During the Hundred Year's War, the English kings controlled the town in 1259 and 1290 as the Turennes aligned themselves with the former. And from 1369 until 1378, the town was controlled by routiers under Bernard de la Salle. In the French Wars of Religion, it was briefly besieged and occupied by Protestant forces in 1574. By the 1700s, the town roads and squares were enlarged, quays built, and the walls torn down. In 1738, the Viscounty of Turenne, and its towns including Saint Cere, and lands were sold to pay a debt, and bought by and returned to, the control of the king of France. During the French Revolution, the department of the Lot was created in 1790, and the town briefly became one of six district towns and called Cere-la-Montagne.

==Geography==
===Location===
The town is located in the centre of a small metropolitan area, in the Quercy, northeast of the Causse de Gramat and west of Segala, between Lacapelle-Marival and Bretenoux, in the valley of the Bave, tributary of the Dordogne river, and on the northern edge of the Limargue. It is the city-centre of the urban unit of Saint-Céré.

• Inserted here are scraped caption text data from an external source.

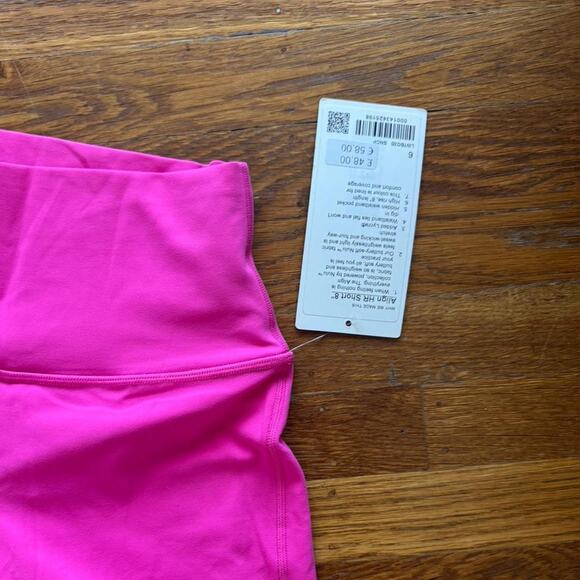 Lululemon shorts retails for 65 - Picture 2 of 4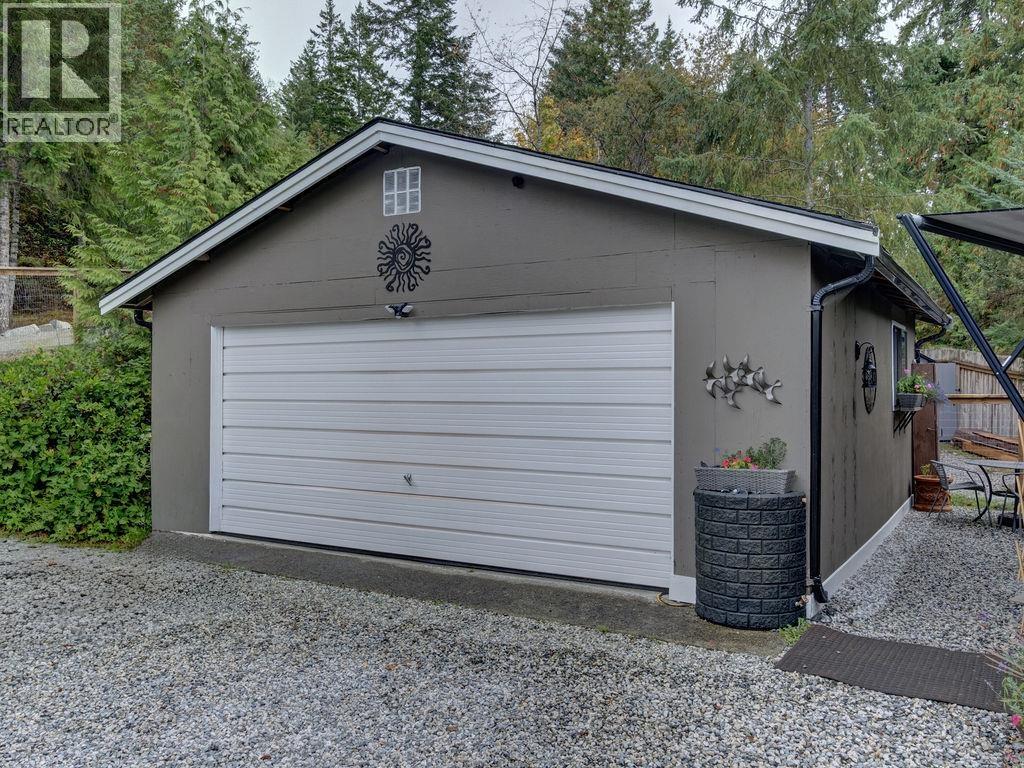 4517 Pollock Road, Pender Harbour, British Columbia  V0N 2H1 - Photo 5 - R3172845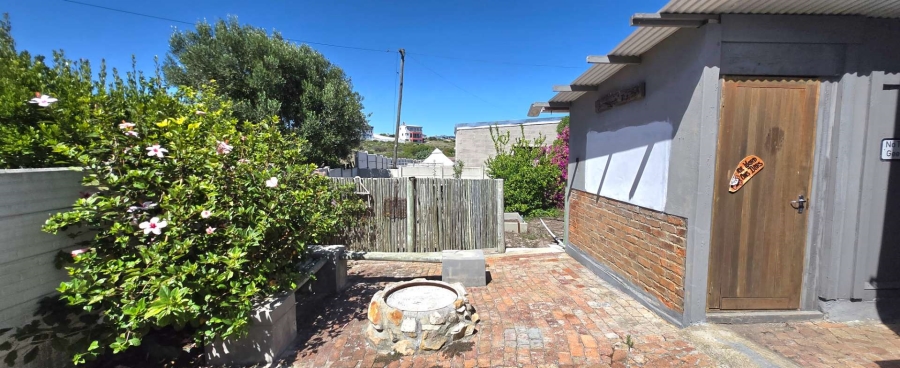 4 Bedroom Property for Sale in Kleinbaai Western Cape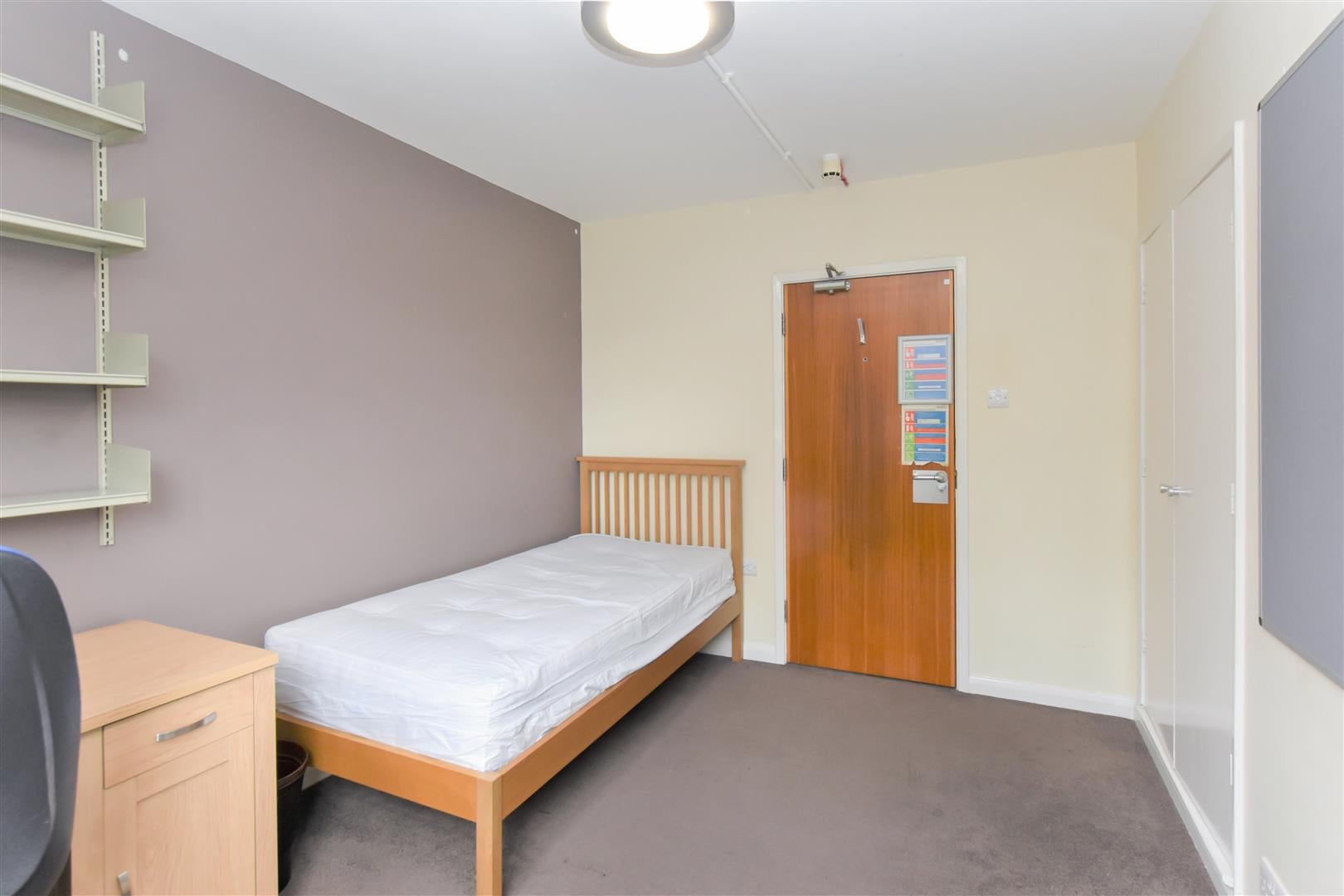 Room Redlands Road in Reading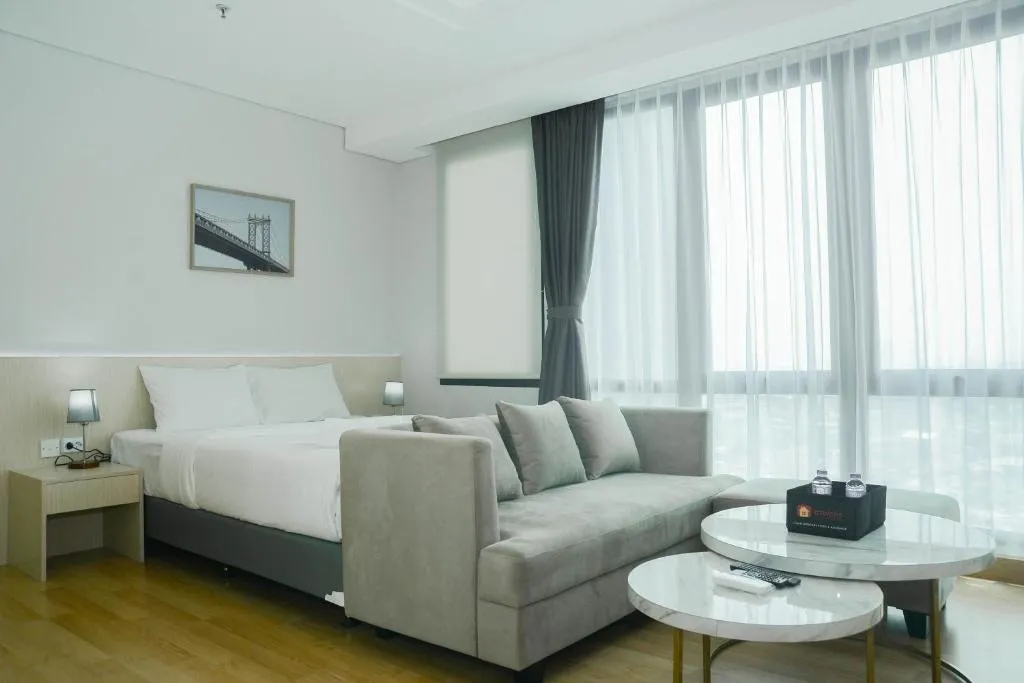 Comfortable Studio Room at Capitol Suites Apartment By Travelio, Jakarta, Indonesia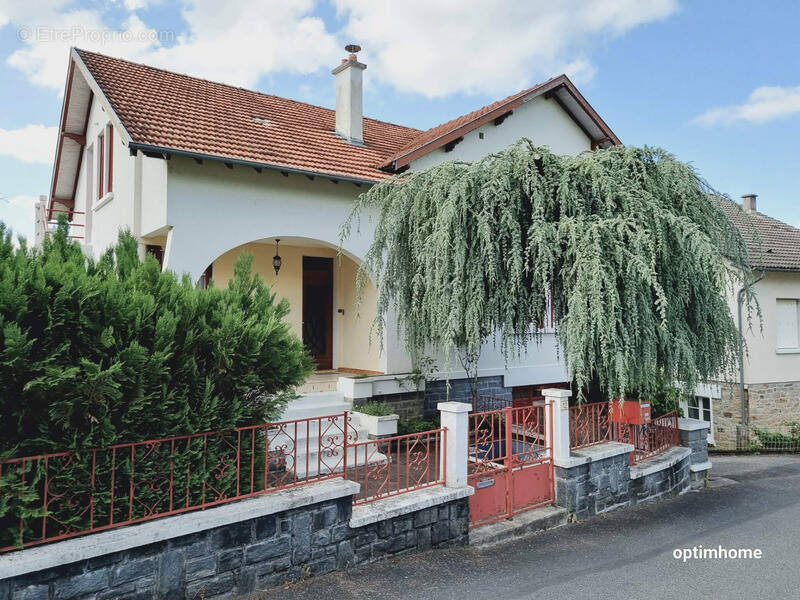Maison à LAGUENNE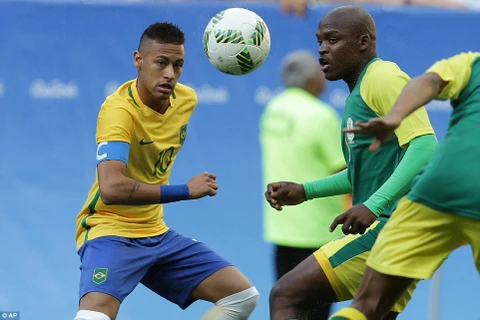 Neymar (áo vàng) không thể giúp U23 Brazil giành chiến thắng. (Nguồn: AP)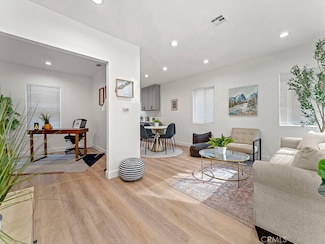 1411 W 7th St, Santa Ana, CA 92703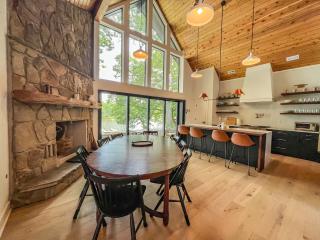 New Construction Beautiful Lake Front and Beautiful Home - Oakland - 7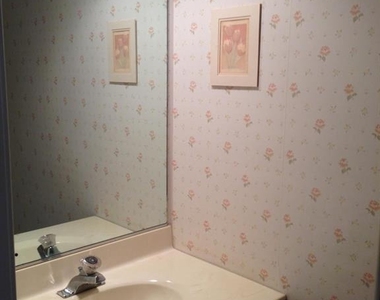 3304 Stonehedge Road - Photo Thumbnail 3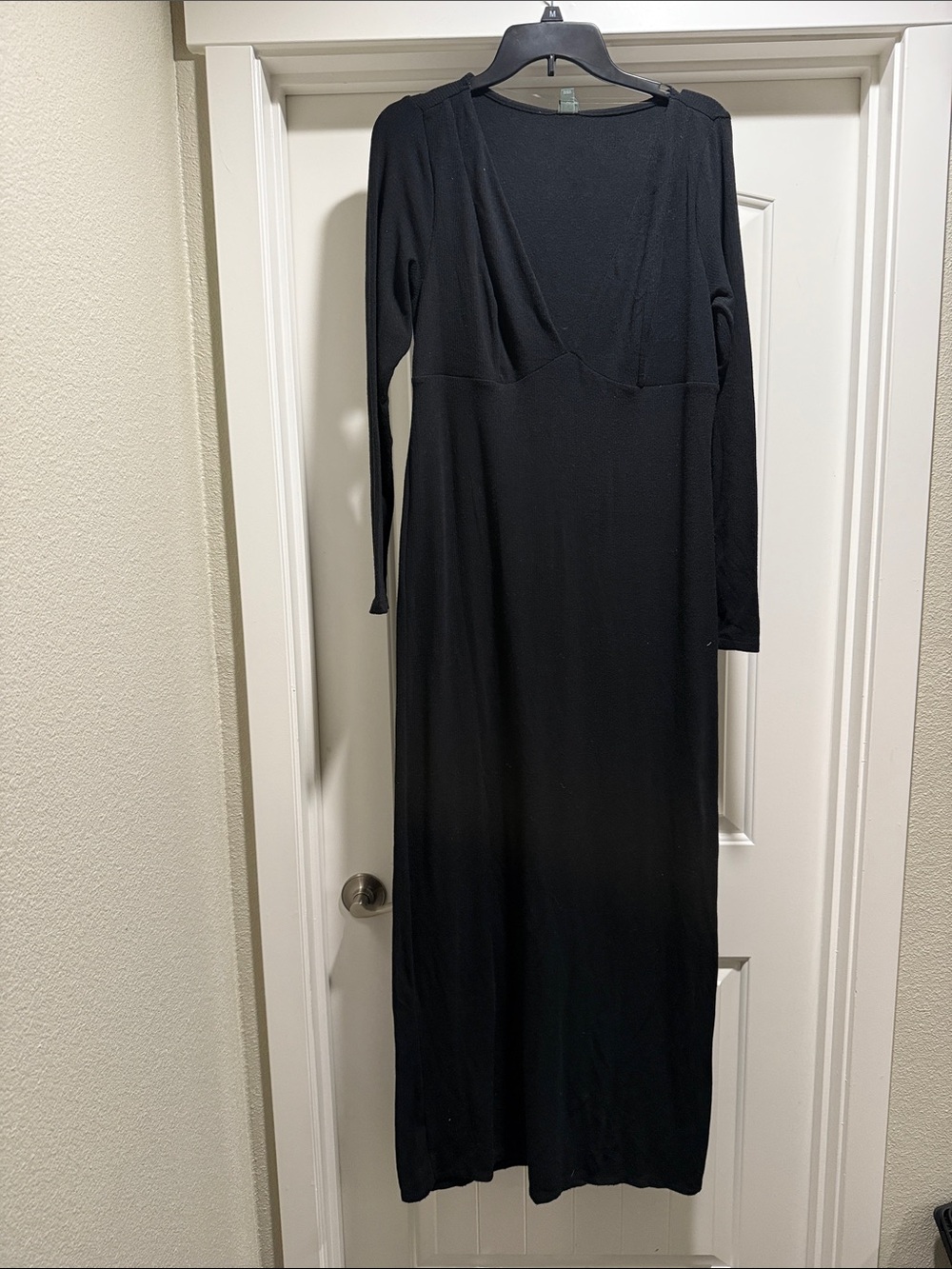 Women’s Black Long Sleeve Maxi Dress - Classic Elegant Style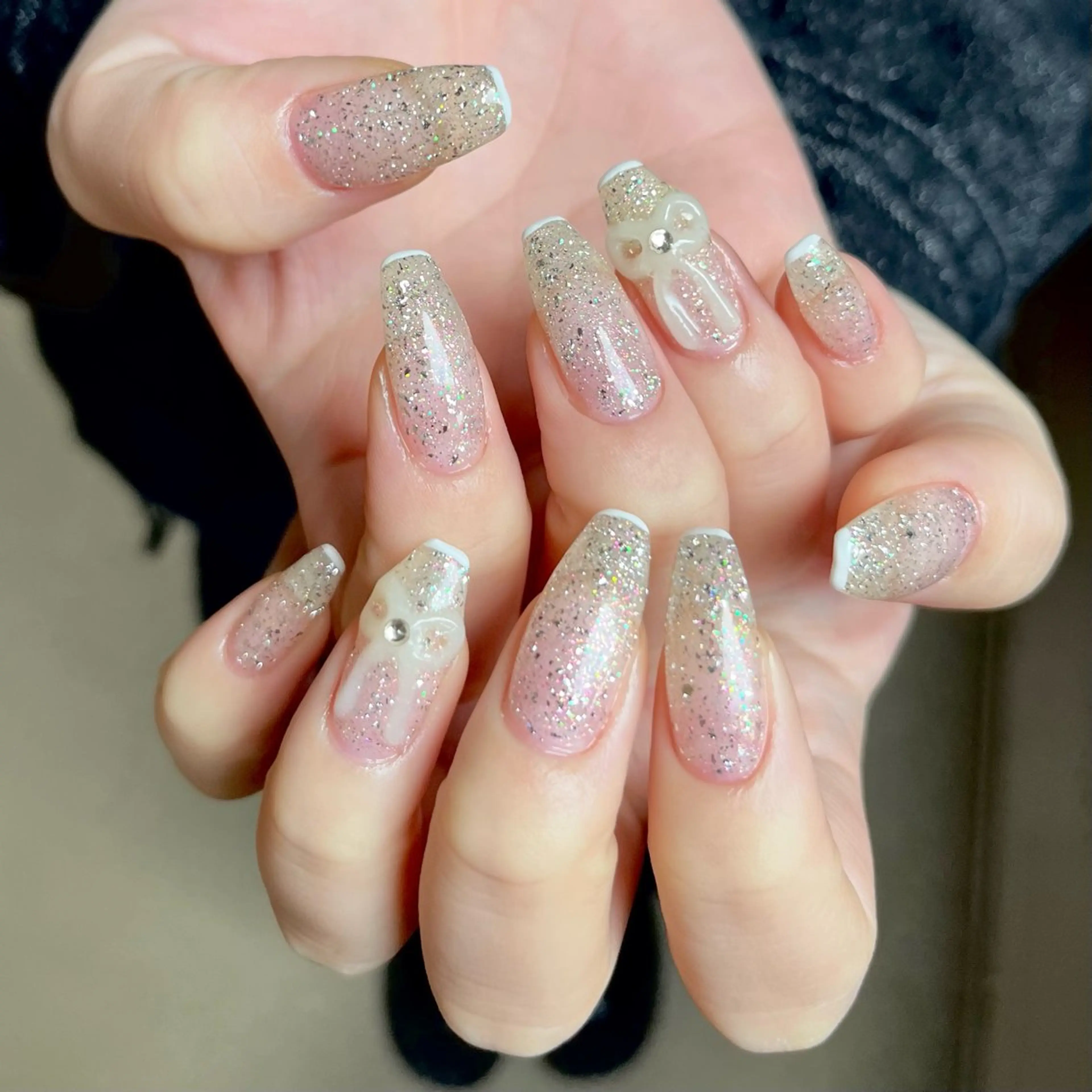 ネイル グリーン ラメ(グリッター) ハンドネイル vegh.所属・vegh. nail／阿波座のネイルデザイン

Located at the crossroad of the routes to Limousin, Auvergne and Quercy, Saint-Céré is a sought after place to stay due to its location and an excellent point of departure for many walks and excursions in the Haut-Quercy.

===Hydrography===
The Bave river, a tributary of the Dordogne, flows through the town.

===Geology and relief===
The area of the commune is 1,133 hectares; its altitude varies from 141 to 523 meters.

At the town hall, the altitude of Saint-Céré is 155 meters. It rises from 141 meters at Bave river to 523 meters in the southern part of the commune.

===Climate===
Saint-Céré has the distinction of being at the junction of the three types of temperate climates: there is a Temperate Oceanic climate, with Mediterranean and Continental influences, characterised by a dry and hot summer, a sunny autumn, a mild winter. In the shelter of the foothills of the Massif Central, the Vent d'Autan is here moderate.

==Local culture and heritage==
- La place du Mercadial, its fountain and the 15th century Consuls' House, which was declared a historic monument in 1991
- L'hôtel de Puymule, 15th-century, was listed as a historical monument in 1929
- L'hôtel de Miramon
- La maison consulaire
- Several wood-panelled houses
- Église Sainte-Spérie, dating from the 10th century, inscribed as a historical monument in 1979
- Église des Récollets, 17th century, listed as a historic monument in 1973
- Statue of Marshal Canrobert
- Statue of Charles Bourseul (1924) by Giovanni Pinotti Cipriani (also sculptor of the monument to the dead in the square of the Place de la République)
- Château de Montal, 14th-century, listed as a historical monument in 1909. The domain is partly located in the commune of Saint-Jean-Lespinasse.